Mecz stał na kiepskim poziomie. Widać było, że Kuzniecowa jest zestresowana, bo przegrała dwa ostatnie pojedynki z Radwańską. Isia tego jednak nie wykorzystała. Kluczowy dla całego meczu okazał się pierwszy set. - Był do wygrania. W drugim poszło łatwo, a w trzecim, decydującym, próbowałam wszystkiego, ale ona grała za dobrze - oceniła po meczu Agnieszka.
- Serwis Isi był tragiczny - dodał smutno Robert Radwański. - Wróciła do starych czasów. Nie wiem, dlaczego zaczęła strzelać jak na trawie, zamiast grać na przerzut. Ale kobieca natura jest nieodgadniona.

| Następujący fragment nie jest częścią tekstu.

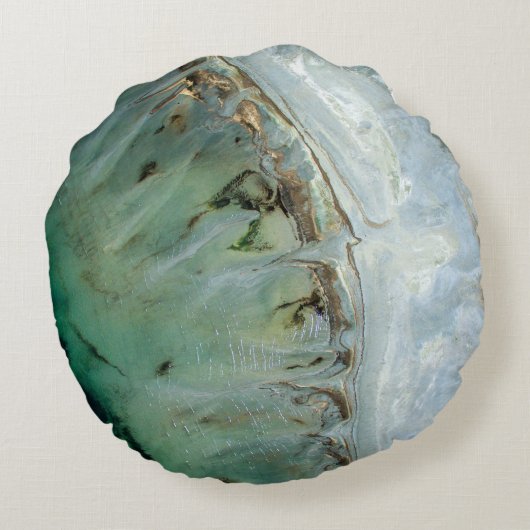 銀と金ゴールド抽象芸術イラストレーション ラウンドクッション (裏面)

Na meczu Radwańskiej pojawił się skonfliktowany z rodziną Radwańskich dyrektor turnieju Warsaw Open Stefan Makarczyk. Siedział w ostatnim rzędzie trybuny dla honorowych gości, Radwańscy - w pierwszym. Żartowano, że przyniósł Agnieszce pecha, bo wcześniej, gdy go nie było, grała dużo lepiej i wygrywała. Zagadnięta na ten temat Isia stwierdziła: - Nie skomentuję tego. Nazwisko Makarczyk nie przejdzie mi już nigdy więcej przez usta. Jeśli będzie ta sama dyrekcja Warsaw Open, to więcej w Warszawie nie zagram - podkreśliła.

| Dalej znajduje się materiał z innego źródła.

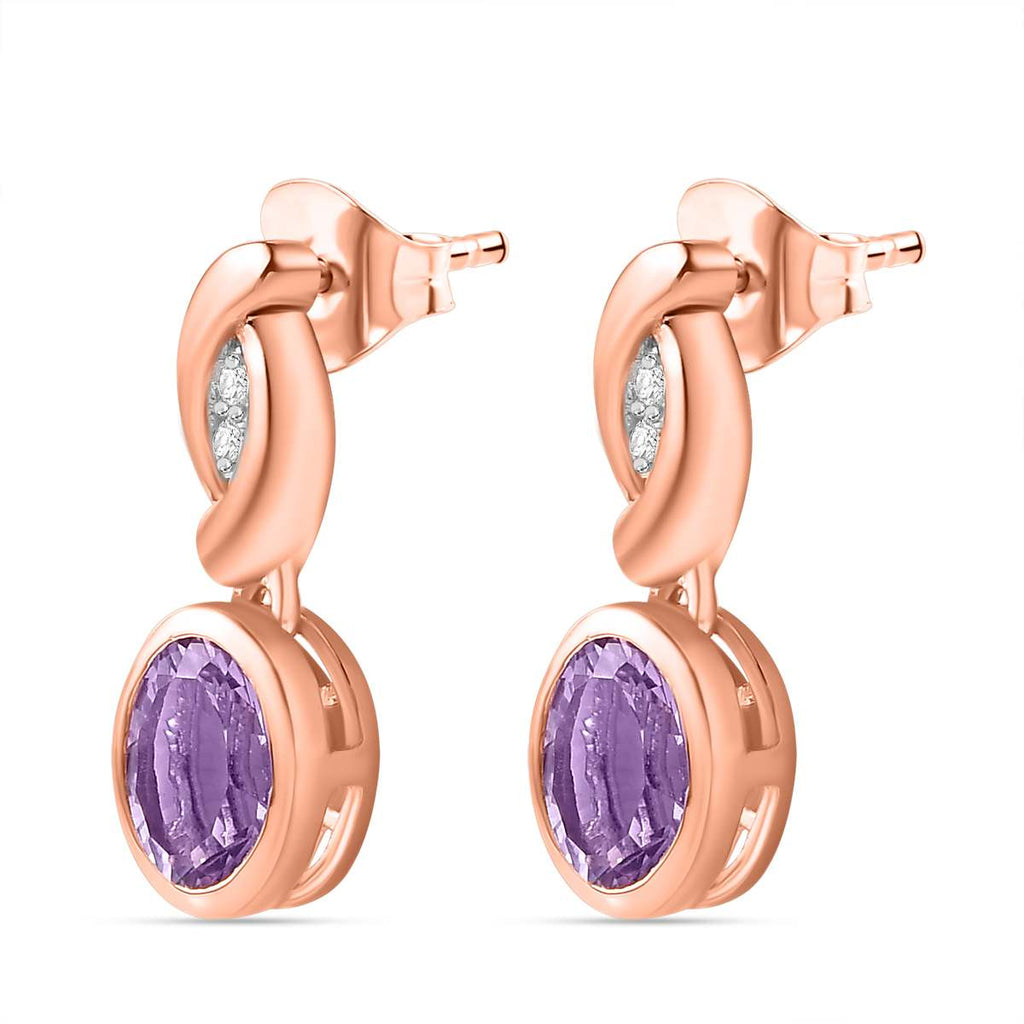 Rose De France Amethyst, Weißer Zirkon Ohrringe 925 Silber Roségold Vermeil ca. 1,54 ct.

Radwańskim pozostał jeszcze debel, w którym odniosły życiowy sukces, awansując do ćwierćfinału, w którym zmierzą się z parą Hsieh (Tajpei), Peng (Chiny). - Może sprawimy kolejną miłą niespodziankę. Wygrałyśmy już dwa mecze z rozstawionymi deblami, zagramy na luzie, nie mamy nic do stracenia - stwierdziła Agnieszka.
Agnieszka grała bardzo niekonsekwentnie
Wojciech Fibak (57 l.): - Nie rozumiem taktyki Agnieszki. Dlaczego ryzykowała, zamiast grać na przerzut, dlaczego nie grała jej konsekwentnie na bekhend, skoro wiadomo, że Rosjanka przebije tylko 4-5 takich piłek?! Widać było, że Kuzniecowa ma kompleks Agnieszki, była kłębkiem nerwów. Decydujący był pierwszy set, w którym Kuzniecowa bała się wygrać, ale Agnieszka jej pomogła.